Chinese Manufacturing at 11-Month LowChinese manufacturing is at an 11-month low, an indication that forecasts of China’s manufacturing sector weakening could be coming true. This is obviously bad news for China, but is great news for students in the United States who are getting (or looking to get) training in skilled manufacturing.

China is a major competitor of the U.S manufacturing business, and for a time there was a trend of U.S. companies offshoring their manufacturing to China, due in part to a lower cost of labor.

The downturn in Chinese manufacturing could potentially create even more demand for skilled manufacturing workers throughout the U.S., adding to the already estimated 600,000 U.S. manufacturing jobs that are currently unfilled. 
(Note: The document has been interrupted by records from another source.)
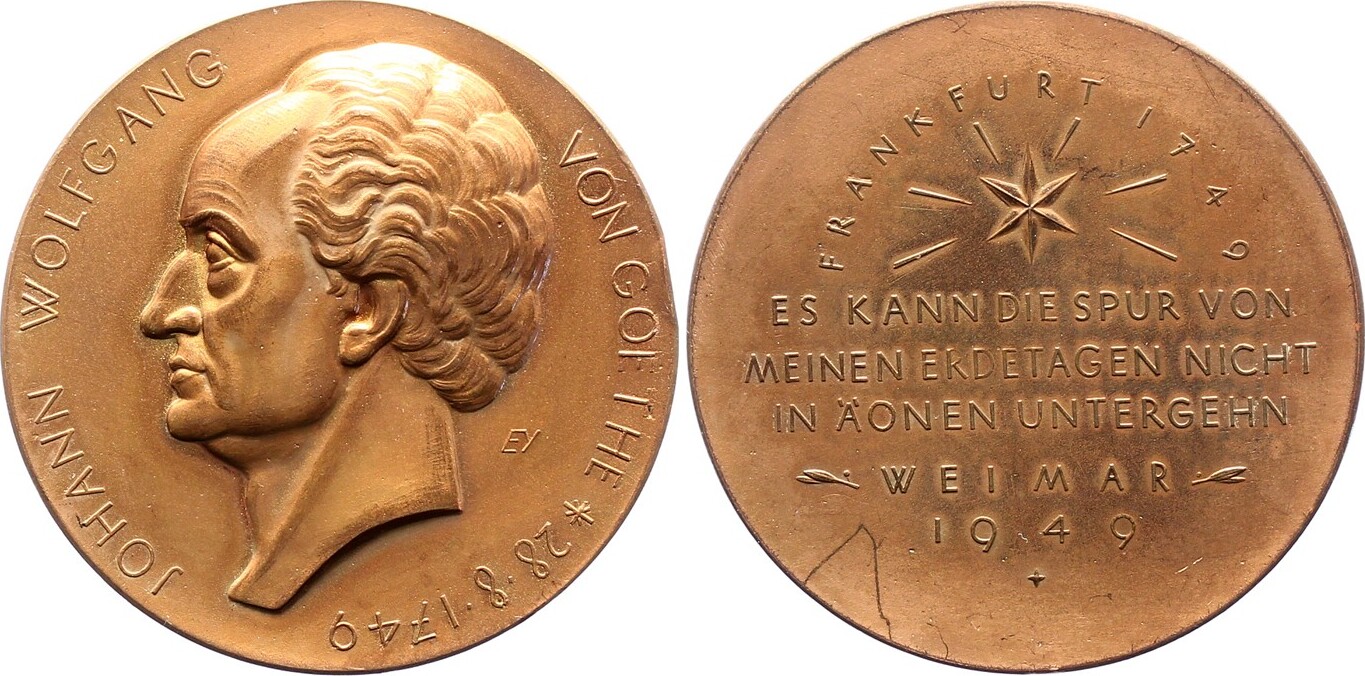 Personenmedaillen Bronzemedaille Goethe Johann Wolfgang Von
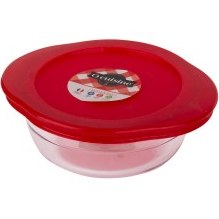 Resim Ocuisine Kırmızı Yuvarlak Cam Saklama Kabı 14x12 Cm 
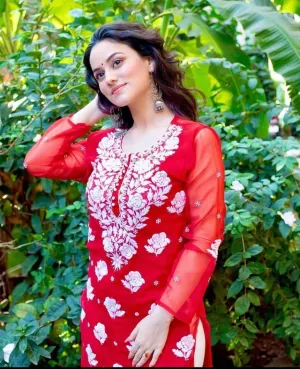 Red 🌹 Georgette Rose Keel Long Kurtis 🌹 Inner included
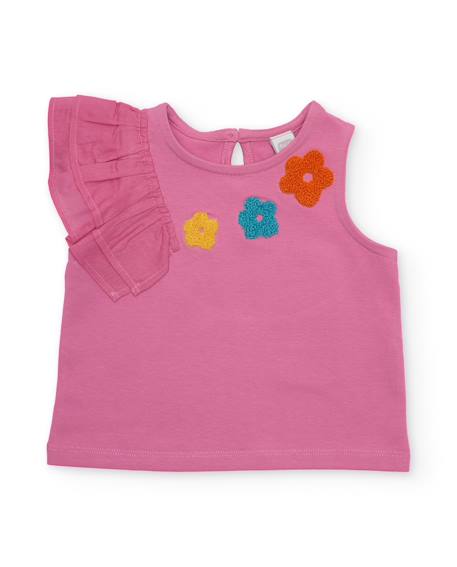 Fille-T-shirt pour fille en maille avec volant sur le côté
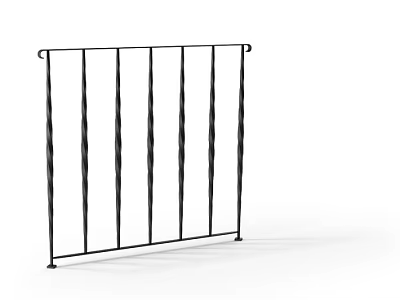 Black Metal Railing With Vertical Twisted Bars And Decorative Curved Ends 3d model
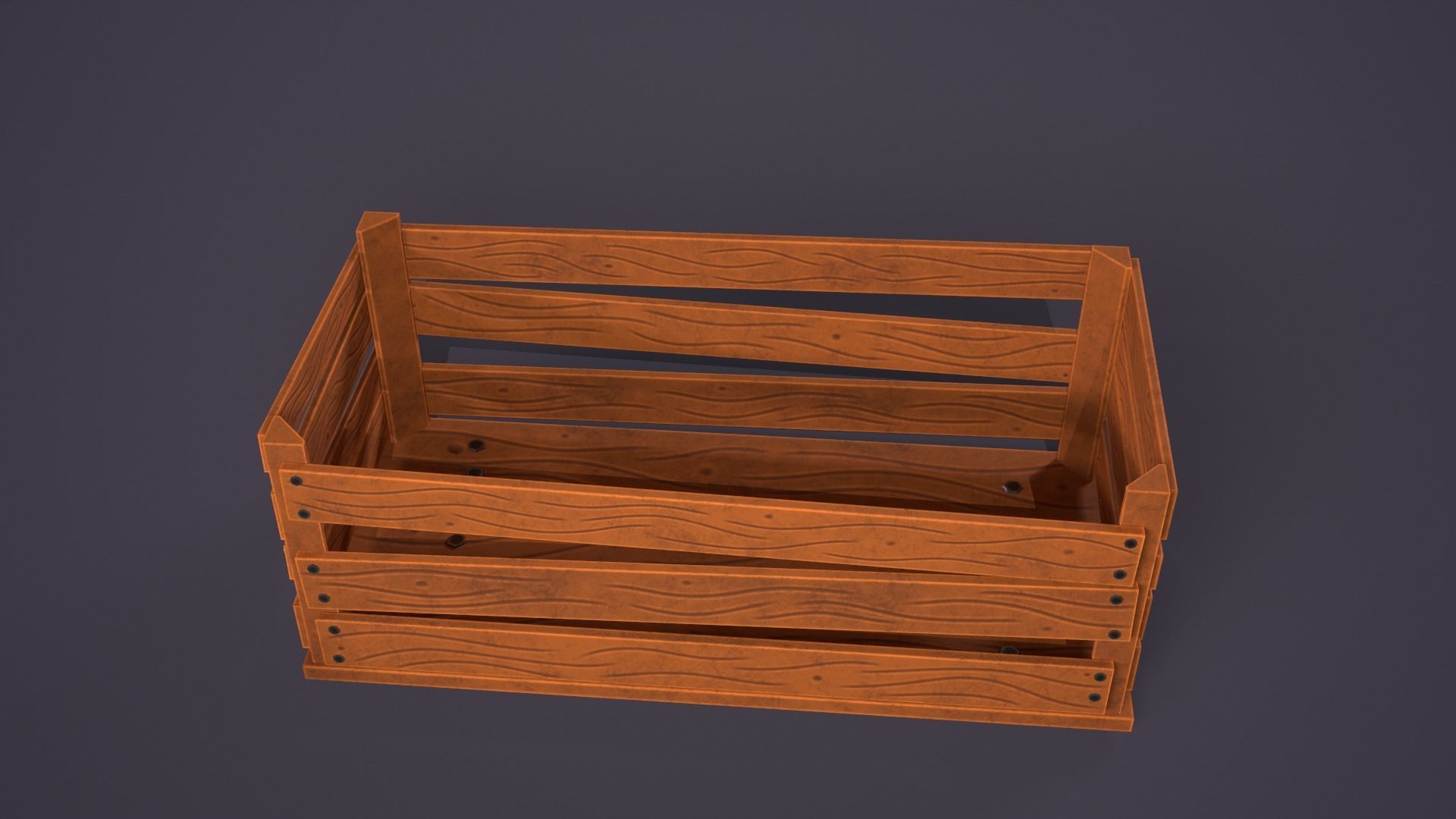 Wooden crate Low-poly 3D model_5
Previously, we’ve brought you stories of American companies bringing their operations back from China, and even foreign companies that favor offshoring to the U.S over China or India. This recent news could mean more and more companies reshoring, thus creating more manufacturing jobs in the U.S.

The largest shipyard outside of Chinese government control, called China Rongsheng Heavy Industries Group Holdings Ltd., reportedly said this month that it is seeking financial help from the government as orders decline.

Exports from China also unexpectedly fell 3.1 percent in June from last year–likely another sign of manufacturing decline. Rising transportation costs to get products shipped back to market in the U.S. by sea, in addition to rising wages for Chinese workers, could also be contributing to the downturn.

With crude oil prices now above the important $100 per barrel threshold (a price that has not been breached since September of 2012), having manufacturing facilities in overseas markets is becoming increasingly less attractive. The current spike of $107 per barrel of oil worldwide is the highest in a 15-month period.

Hopefully, students who are unsure whether or not a four-year degree is for them will consider training in skilled manufacturing. By doing that, we think it’s a safe bet that they’ll be able to capitalize on the trend towards more and more jobs opening up in the U.S. manufacturing industry.